Below are lines of data, and only some are wanted. Please repeat exactly those from the line that has "A modern bathroom" through the line that has "Close-up of milk with bubbles and foam.".

Information shown: Begin

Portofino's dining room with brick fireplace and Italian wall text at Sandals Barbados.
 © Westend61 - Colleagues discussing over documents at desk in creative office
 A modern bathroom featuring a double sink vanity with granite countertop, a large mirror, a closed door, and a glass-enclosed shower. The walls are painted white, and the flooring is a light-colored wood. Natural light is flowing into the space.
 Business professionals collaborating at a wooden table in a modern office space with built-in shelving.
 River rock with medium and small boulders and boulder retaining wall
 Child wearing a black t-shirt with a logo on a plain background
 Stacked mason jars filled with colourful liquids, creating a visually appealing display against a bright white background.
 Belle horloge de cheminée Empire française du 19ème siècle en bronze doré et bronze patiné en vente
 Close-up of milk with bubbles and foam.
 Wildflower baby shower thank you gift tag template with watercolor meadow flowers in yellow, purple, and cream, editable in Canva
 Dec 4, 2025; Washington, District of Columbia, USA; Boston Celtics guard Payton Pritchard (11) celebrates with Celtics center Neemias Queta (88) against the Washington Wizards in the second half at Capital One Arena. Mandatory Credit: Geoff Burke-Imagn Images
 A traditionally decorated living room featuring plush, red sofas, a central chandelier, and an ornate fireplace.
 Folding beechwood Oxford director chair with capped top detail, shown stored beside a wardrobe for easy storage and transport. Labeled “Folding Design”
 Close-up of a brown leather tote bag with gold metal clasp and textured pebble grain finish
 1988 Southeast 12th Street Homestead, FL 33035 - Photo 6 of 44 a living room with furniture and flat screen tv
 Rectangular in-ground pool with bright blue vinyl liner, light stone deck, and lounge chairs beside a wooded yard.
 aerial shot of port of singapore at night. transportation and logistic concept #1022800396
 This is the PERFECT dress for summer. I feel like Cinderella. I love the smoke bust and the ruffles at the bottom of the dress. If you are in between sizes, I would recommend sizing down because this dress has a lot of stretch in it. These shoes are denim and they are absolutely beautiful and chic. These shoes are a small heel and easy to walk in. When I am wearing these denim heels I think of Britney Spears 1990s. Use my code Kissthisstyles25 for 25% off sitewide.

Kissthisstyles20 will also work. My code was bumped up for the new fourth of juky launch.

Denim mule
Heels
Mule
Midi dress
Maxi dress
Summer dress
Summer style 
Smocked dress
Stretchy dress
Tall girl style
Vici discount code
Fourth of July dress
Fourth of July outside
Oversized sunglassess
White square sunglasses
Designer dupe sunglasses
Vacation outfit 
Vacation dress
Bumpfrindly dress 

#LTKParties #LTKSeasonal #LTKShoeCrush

Information shown: End

Task result ▸
 A modern bathroom featuring a double sink vanity with granite countertop, a large mirror, a closed door, and a glass-enclosed shower. The walls are painted white, and the flooring is a light-colored wood. Natural light is flowing into the space.
 Business professionals collaborating at a wooden table in a modern office space with built-in shelving.
 River rock with medium and small boulders and boulder retaining wall
 Child wearing a black t-shirt with a logo on a plain background
 Stacked mason jars filled with colourful liquids, creating a visually appealing display against a bright white background.
 Belle horloge de cheminée Empire française du 19ème siècle en bronze doré et bronze patiné en vente
 Close-up of milk with bubbles and foam.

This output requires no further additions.